## Task to carry out:
Please give back word for word the lines of the material below between the line containing "Girls 6-16 Hanes®" and the line containing "Element ozdobny do", inclusive.

## Task inputs:
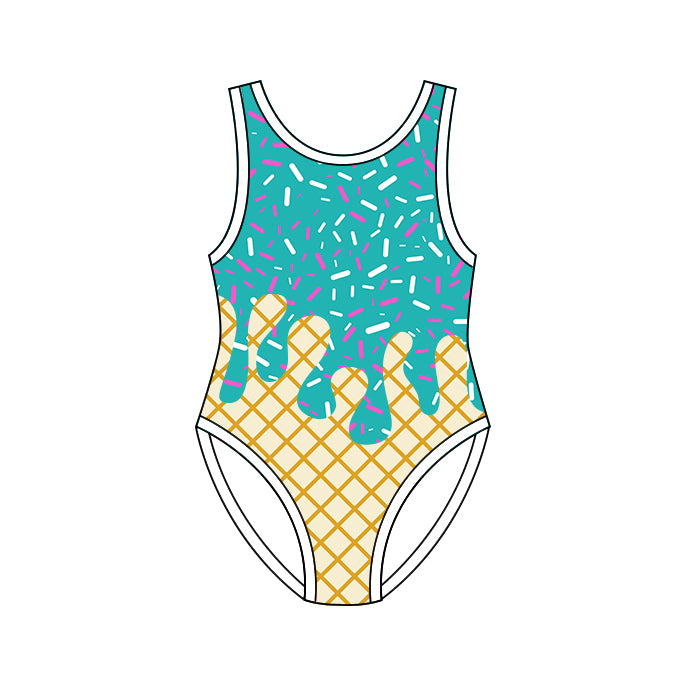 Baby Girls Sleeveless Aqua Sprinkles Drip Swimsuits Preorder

* * *

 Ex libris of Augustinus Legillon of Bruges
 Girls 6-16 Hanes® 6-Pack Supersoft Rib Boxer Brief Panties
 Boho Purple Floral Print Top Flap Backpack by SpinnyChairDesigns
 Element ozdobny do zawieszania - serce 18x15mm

==

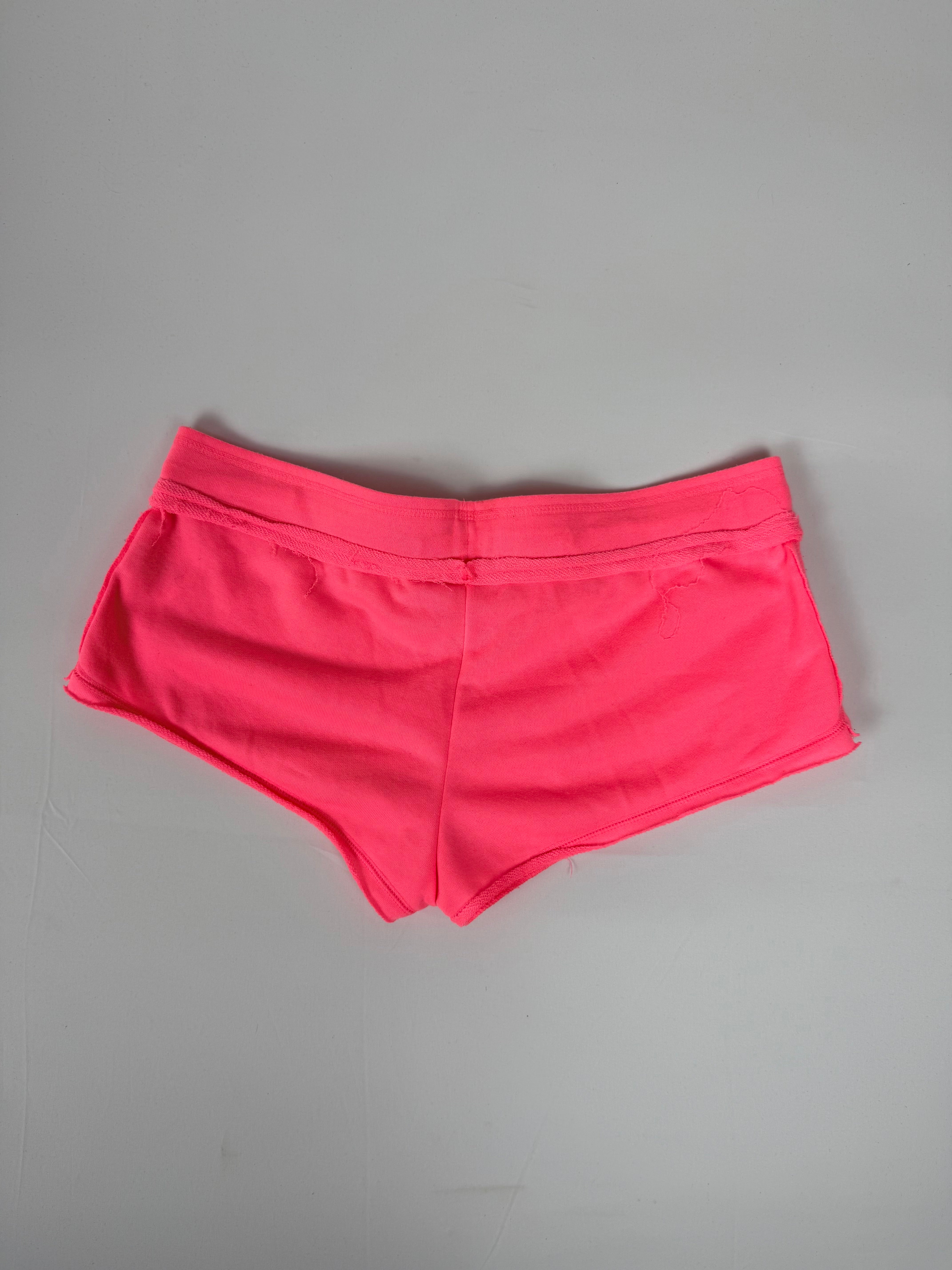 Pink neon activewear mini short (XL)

## Written response:
 Girls 6-16 Hanes® 6-Pack Supersoft Rib Boxer Brief Panties
 Boho Purple Floral Print Top Flap Backpack by SpinnyChairDesigns
 Element ozdobny do zawieszania - serce 18x15mm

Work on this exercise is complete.